=== Section Start ===
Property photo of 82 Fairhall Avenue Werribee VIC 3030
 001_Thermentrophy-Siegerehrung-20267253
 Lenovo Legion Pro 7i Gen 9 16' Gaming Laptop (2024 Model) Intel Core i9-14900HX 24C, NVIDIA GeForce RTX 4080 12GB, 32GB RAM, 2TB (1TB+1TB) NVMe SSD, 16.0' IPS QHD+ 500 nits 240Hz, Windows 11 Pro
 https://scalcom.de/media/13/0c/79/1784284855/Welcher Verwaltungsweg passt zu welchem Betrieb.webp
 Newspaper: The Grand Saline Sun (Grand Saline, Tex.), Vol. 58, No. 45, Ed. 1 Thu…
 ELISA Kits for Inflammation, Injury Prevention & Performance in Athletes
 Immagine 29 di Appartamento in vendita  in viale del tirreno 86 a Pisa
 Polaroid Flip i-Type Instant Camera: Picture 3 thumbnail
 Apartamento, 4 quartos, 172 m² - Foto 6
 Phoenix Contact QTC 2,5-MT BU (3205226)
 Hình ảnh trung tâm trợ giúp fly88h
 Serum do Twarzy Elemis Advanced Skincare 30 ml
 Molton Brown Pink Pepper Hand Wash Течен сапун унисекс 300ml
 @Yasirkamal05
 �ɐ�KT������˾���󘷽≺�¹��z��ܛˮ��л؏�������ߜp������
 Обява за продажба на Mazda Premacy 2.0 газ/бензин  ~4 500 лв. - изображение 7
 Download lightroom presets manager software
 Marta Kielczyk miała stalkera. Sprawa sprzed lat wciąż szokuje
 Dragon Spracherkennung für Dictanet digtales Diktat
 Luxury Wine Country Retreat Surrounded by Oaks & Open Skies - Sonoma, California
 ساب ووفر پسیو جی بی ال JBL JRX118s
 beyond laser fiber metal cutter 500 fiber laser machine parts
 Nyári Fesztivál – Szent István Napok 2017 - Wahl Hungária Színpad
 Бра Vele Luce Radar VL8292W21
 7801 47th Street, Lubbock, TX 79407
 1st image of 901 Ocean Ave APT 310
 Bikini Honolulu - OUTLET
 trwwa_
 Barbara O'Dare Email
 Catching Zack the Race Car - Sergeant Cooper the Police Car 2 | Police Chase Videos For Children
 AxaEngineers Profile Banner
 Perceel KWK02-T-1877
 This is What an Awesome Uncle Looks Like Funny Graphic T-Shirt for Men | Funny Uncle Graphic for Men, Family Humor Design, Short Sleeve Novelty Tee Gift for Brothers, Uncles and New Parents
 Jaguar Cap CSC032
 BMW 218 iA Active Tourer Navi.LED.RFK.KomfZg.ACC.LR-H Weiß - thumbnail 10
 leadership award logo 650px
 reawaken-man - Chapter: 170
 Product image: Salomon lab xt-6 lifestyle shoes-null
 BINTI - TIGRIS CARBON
=== Section End ===
■ PROBLEM STATEMENT
Please transcribe the whole listing exactly as it stands.

■ SOLUTION
Property photo of 82 Fairhall Avenue Werribee VIC 3030
 001_Thermentrophy-Siegerehrung-20267253
 Lenovo Legion Pro 7i Gen 9 16' Gaming Laptop (2024 Model) Intel Core i9-14900HX 24C, NVIDIA GeForce RTX 4080 12GB, 32GB RAM, 2TB (1TB+1TB) NVMe SSD, 16.0' IPS QHD+ 500 nits 240Hz, Windows 11 Pro
 https://scalcom.de/media/13/0c/79/1784284855/Welcher Verwaltungsweg passt zu welchem Betrieb.webp
 Newspaper: The Grand Saline Sun (Grand Saline, Tex.), Vol. 58, No. 45, Ed. 1 Thu…
 ELISA Kits for Inflammation, Injury Prevention & Performance in Athletes
 Immagine 29 di Appartamento in vendita  in viale del tirreno 86 a Pisa
 Polaroid Flip i-Type Instant Camera: Picture 3 thumbnail
 Apartamento, 4 quartos, 172 m² - Foto 6
 Phoenix Contact QTC 2,5-MT BU (3205226)
 Hình ảnh trung tâm trợ giúp fly88h
 Serum do Twarzy Elemis Advanced Skincare 30 ml
 Molton Brown Pink Pepper Hand Wash Течен сапун унисекс 300ml
 @Yasirkamal05
 �ɐ�KT������˾���󘷽≺�¹��z��ܛˮ��л؏�������ߜp������
 Обява за продажба на Mazda Premacy 2.0 газ/бензин  ~4 500 лв. - изображение 7
 Download lightroom presets manager software
 Marta Kielczyk miała stalkera. Sprawa sprzed lat wciąż szokuje
 Dragon Spracherkennung für Dictanet digtales Diktat
 Luxury Wine Country Retreat Surrounded by Oaks & Open Skies - Sonoma, California
 ساب ووفر پسیو جی بی ال JBL JRX118s
 beyond laser fiber metal cutter 500 fiber laser machine parts
 Nyári Fesztivál – Szent István Napok 2017 - Wahl Hungária Színpad
 Бра Vele Luce Radar VL8292W21
 7801 47th Street, Lubbock, TX 79407
 1st image of 901 Ocean Ave APT 310
 Bikini Honolulu - OUTLET
 trwwa_
 Barbara O'Dare Email
 Catching Zack the Race Car - Sergeant Cooper the Police Car 2 | Police Chase Videos For Children
 AxaEngineers Profile Banner
 Perceel KWK02-T-1877
 This is What an Awesome Uncle Looks Like Funny Graphic T-Shirt for Men | Funny Uncle Graphic for Men, Family Humor Design, Short Sleeve Novelty Tee Gift for Brothers, Uncles and New Parents
 Jaguar Cap CSC032
 BMW 218 iA Active Tourer Navi.LED.RFK.KomfZg.ACC.LR-H Weiß - thumbnail 10
 leadership award logo 650px
 reawaken-man - Chapter: 170
 Product image: Salomon lab xt-6 lifestyle shoes-null
 BINTI - TIGRIS CARBON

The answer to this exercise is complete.